Hmm.  The way of using perf with kprobes that I'm familiar with is:

# perf probe --add func_name

And this uses "/sys/kernel/debug/tracing//kprobe_events" (with the
double slash!).  Is there indeed another way to do this?

Anyway, I didn't mean to exclude any existing perf_event_open()
mechanism -- what I meant was that, without some extension to my
proposal, /sys/kernel/debug/tracing wouldn't magically become
accessible due to CAP_TRACING.

>
> > If CAP_TRACING, by itself, enables a task to crash or otherwise
> > corrupt the kernel or other tasks, this will be considered a kernel
> > bug.
>
> +1
>
> > CAP_TRACING in a non-init user namespace may, in the future, allow
> > tracing of other tasks in that user namespace or its descendants.  It
> > will not enable kernel tracing or tracing of tasks outside the user
> > namespace in question.
>
> I would avoid describing user ns for now.
> There is enough confusion without it.
>
> > --- end ---
> >
> > Does this sound good?  The idea here is that CAP_TRACING should be
> > very useful even without CAP_BPF, which allows CAP_BPF to be less
> > powerful.
>
> As proposed CAP_BPF does not allow tracing or networking on its own.
> CAP_BPF only controls BPF side.
>
> For example:
> BPF_CALL_3(bpf_probe_read, void *, dst, u32, size, const void *, unsafe_ptr)
> {
>         int ret;
>
>         ret = probe_kernel_read(dst, unsafe_ptr, size);
>         if (unlikely(ret < 0))
>                 memset(dst, 0, size);
>
>         return ret;
> }
>
> All of BPF (including prototype of bpf_probe_read) is controlled by CAP_BPF.
> But the kernel primitives its using (probe_kernel_read) is controlled by CAP_TRACING.
> Hence a task needs _both_ CAP_BPF and CAP_TRACING to attach and run bpf program
> that uses bpf_probe_read.
>
> Similar with all other kernel code that BPF helpers may call directly or indirectly.
> If there is a way for bpf program to call into piece of code controlled by CAP_TRACING
> such helper would need CAP_BPF and CAP_TRACING.
> If bpf helper calls into something that may mangle networking packet
> such helper would need both CAP_BPF and CAP_NET_ADMIN to execute.

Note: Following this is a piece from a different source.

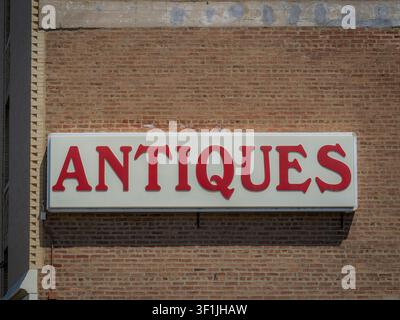 Großes weißes Werbeschild mit fetten roten Buchstaben, die „Antiques“ lesen, montiert an einer alten verwitterten roten Backsteinfassade im Sonnenlicht Stockfoto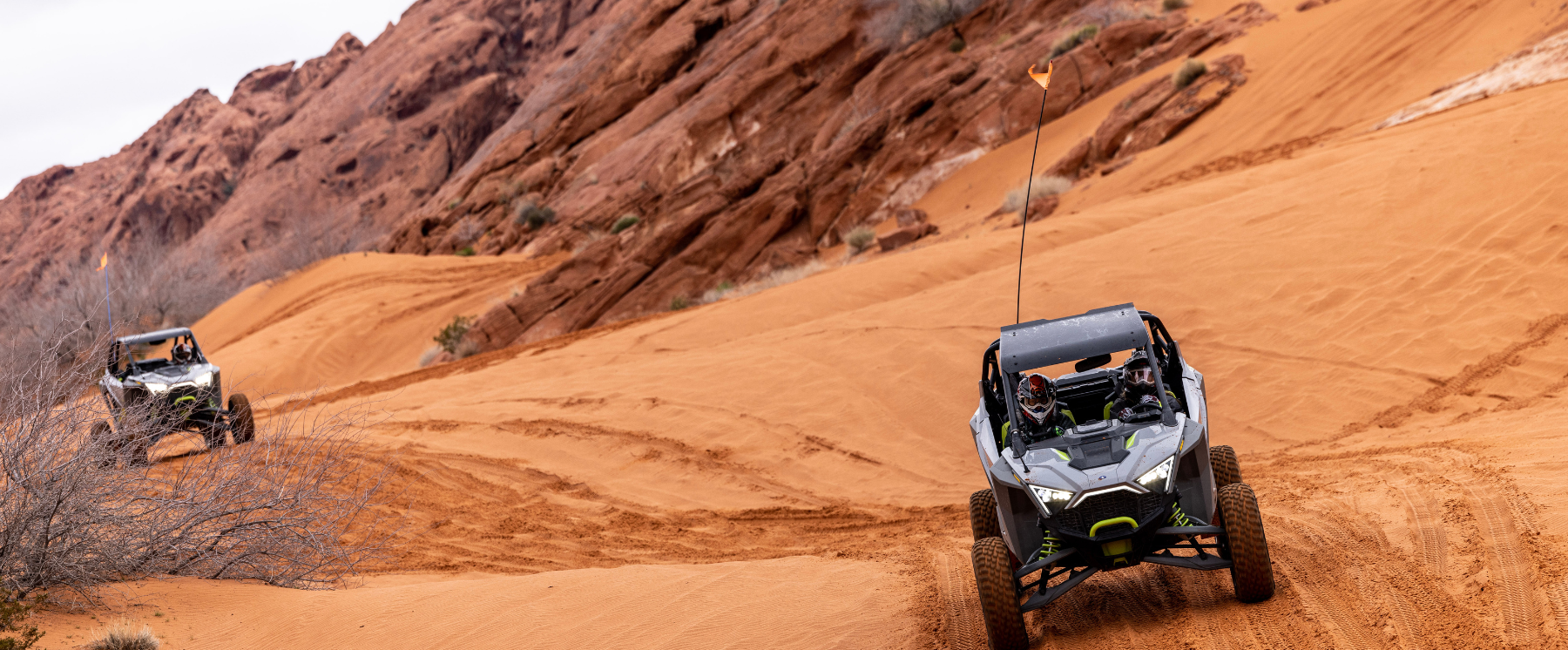 Ultimate Desert Adventures on Logandale Trails in Moapa Valley. Two UTVs on orange sand.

Why do you want to require CAP_BPF to call into functions like
bpf_probe_read()?  I understand why you want to limit access to bpf,
but I think that CAP_TRACING should be sufficient to allow the tracing
parts of BPF.  After all, a lot of your concerns, especially the ones
involving speculation, don't really apply to users with CAP_TRACING --
users with CAP_TRACING can read kernel memory with or without bpf.

>
> > > @@ -2080,7 +2083,10 @@ static int bpf_prog_test_run(const union bpf_attr *attr,
> > >         struct bpf_prog *prog;
> > >         int ret = -ENOTSUPP;
> > >
> > > -       if (!capable(CAP_SYS_ADMIN))
> > > +       if (!capable(CAP_NET_ADMIN) || !capable(CAP_BPF))
> > > +               /* test_run callback is available for networking progs only.
> > > +                * Add cap_bpf_tracing() above when tracing progs become runable.
> > > +                */
> >
> > I think test_run should probably be CAP_SYS_ADMIN forever.  test_run
> > is the only way that one can run a bpf program and call helper
> > functions via the program if one doesn't have permission to attach the
> > program.
>
> Since CAP_BPF + CAP_NET_ADMIN allow attach. It means that a task
> with these two permissions will have programs running anyway.
> (traffic will flow through netdev, socket events will happen, etc)
> Hence no reason to disallow running program via test_run.
>

test_run allows fully controlled inputs, in a context where a program
can trivially flush caches, mistrain branch predictors, etc first.  It
seems to me that, if a JITted bpf program contains an exploitable
speculation gadget (MDS, Spectre v1, RSB, or anything else), it will
be *much* easier to exploit it using test_run than using normal
network traffic.  Similarly, normal network traffic will have network
headers that are valid enough to have caused the BPF program to be
invoked in the first place.  test_run can inject arbitrary garbage.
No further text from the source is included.